Insgesamt haben nur 58 Prozent der in Deutschland erhältlichen Fahrzeugmodellreihen serienmäßig ESP an Bord; immerhin 20 Prozent aller neuen Pkw sind gar nicht mit der wichtigen Sicherheitseinrichtung ausgestattet und vielfach gibt es den lebensrettenden Schleuderschutz nur gegen Aufpreis.

So etwa beim VW Fox, dem BMW Mini oder dem Seat Cordoba; auch beim VW Polo sind nicht alle Modellvarianten von Haus aus mit ESP ausgestattet. Und es ist nach Ansicht der Versicherer vor allem die notwendige Zuzahlung, die Neuwagen-Käufer von der Entscheidung für das ESP abhält - so werden in vielen Fällen mehr als 400 Euro in Rechnung gestellt.

"Derzeit sind rund zehn Prozent aller Polo mit ESP ausgerüstet", muss dann auch Stefan Voges-Staude, Pressesprecher des Volkswagen Financial Services, zugeben; beim VW Fox sind es sogar nur acht Prozent und bei der Konkurrenz, dem BMW Mini, rund ein Viertel.

"Wir fordern daher, das ESP-Systeme serienmäßig in alle Neuwagen eingebaut werden", formuliert Unfallexperte Siegfried Brockmann; zudem dürften ESP-Systeme nicht mehr manuell abschaltbar sein. Die Zahlen unterstreichen die Forderung der Experten: 25 Prozent aller Pkw-Unfälle mit Personenschaden und bis zu 40 Prozent aller Pkw-Unfälle mit Getöteten sind der Untersuchung folgend durch ESP positiv beeinflussbar - pro Jahr könnten so 37.000 Unfälle mit Verletzten und 1100 Unfälle mit Todesfolge auf deutschen Straßen vermieden oder abgeschwächt werden.

Das würde auch die Schadenbilanz der Versicherer deutlich verbessern, da gerade kleinere Fahrzeuge häufig von jungen Fahrern bewegt werden.

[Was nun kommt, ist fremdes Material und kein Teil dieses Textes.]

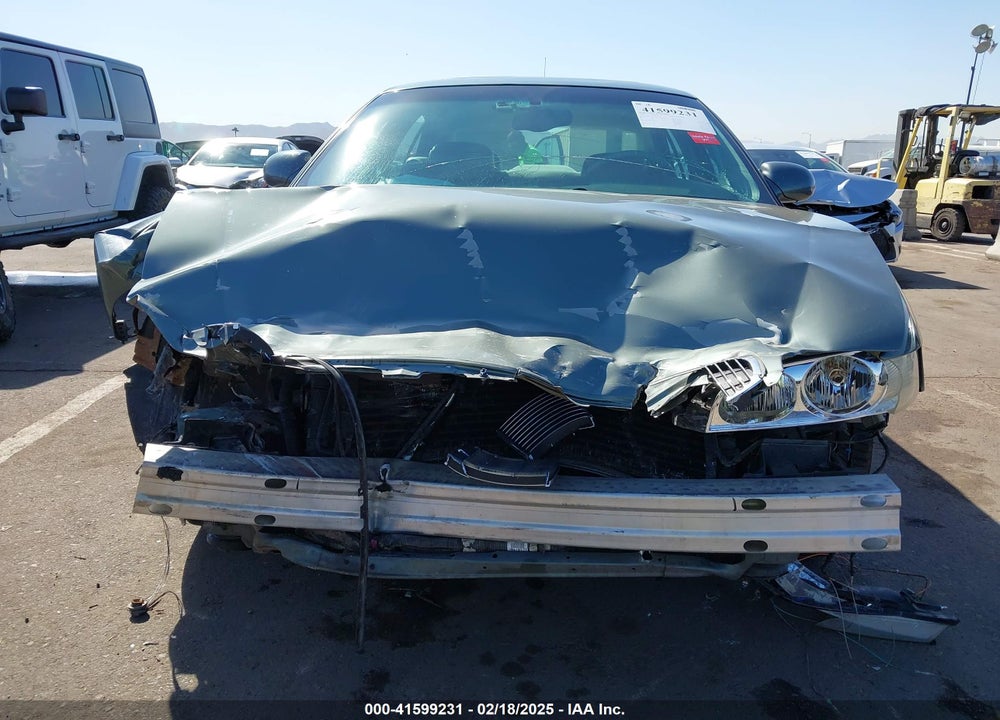 1998 BUICK PARK AVENUE ULTRA VIN: 1G4CU5213W4624554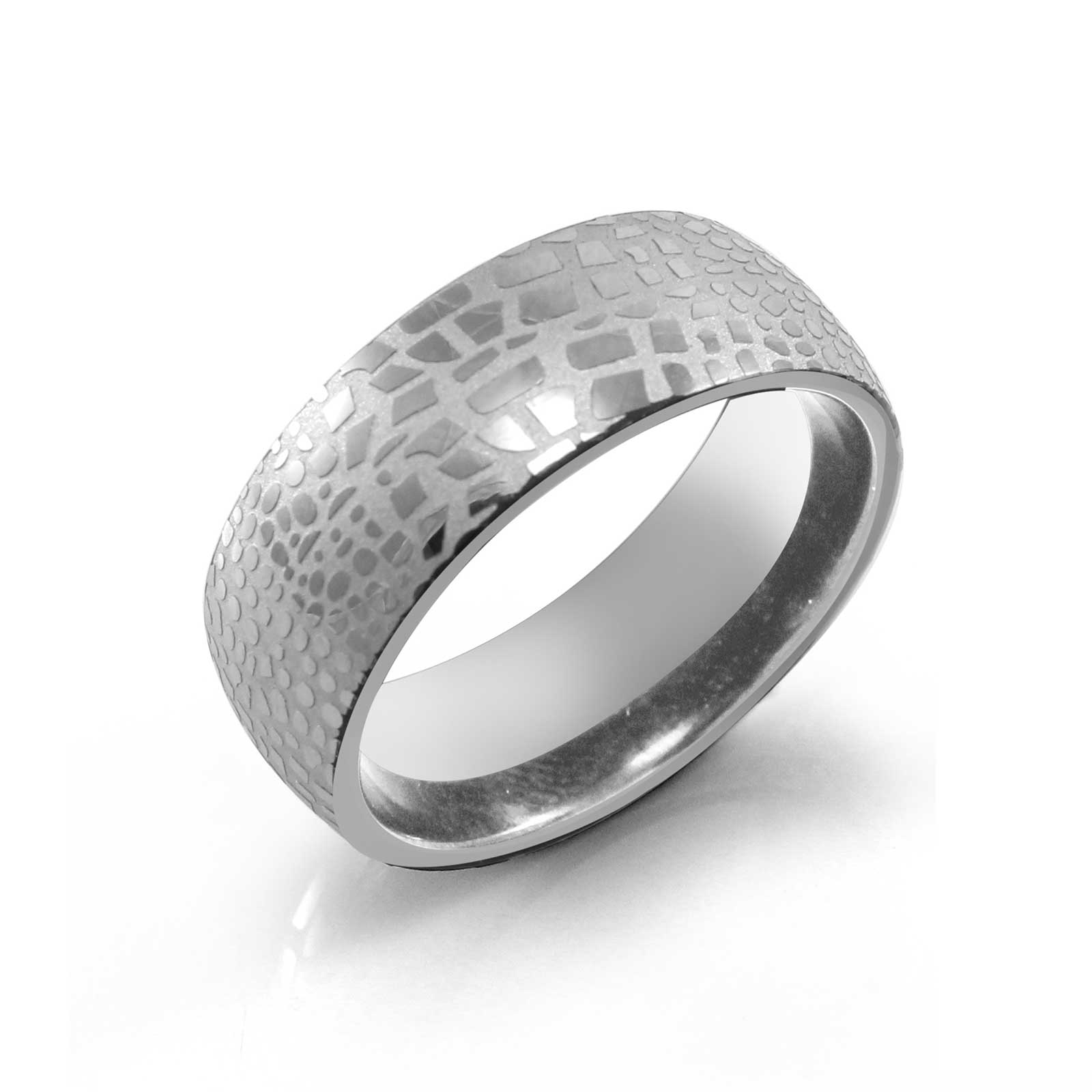 MNR-043T-A Stainless Steel Fashion Ring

Durch die Liste der ESP-losen Autos hoffen die Versicherer, nun mehr Druck auf die Hersteller ausüben zu können. Und erste Reaktionen gibt es schon: So wird Volkswagen von Oktober an Neuwagenkäufer mit einer günstigen Versicherungsprämie zum Kauf des Schleuderschutzes locken.

"Wer künftig einen Polo mit ESP-System erwirbt, kann damit rechnen, dass seine Neuwertentschädigung, die die Versicherung bei Totalschaden zahlt, länger gilt'" so Stefan Voges-Staude.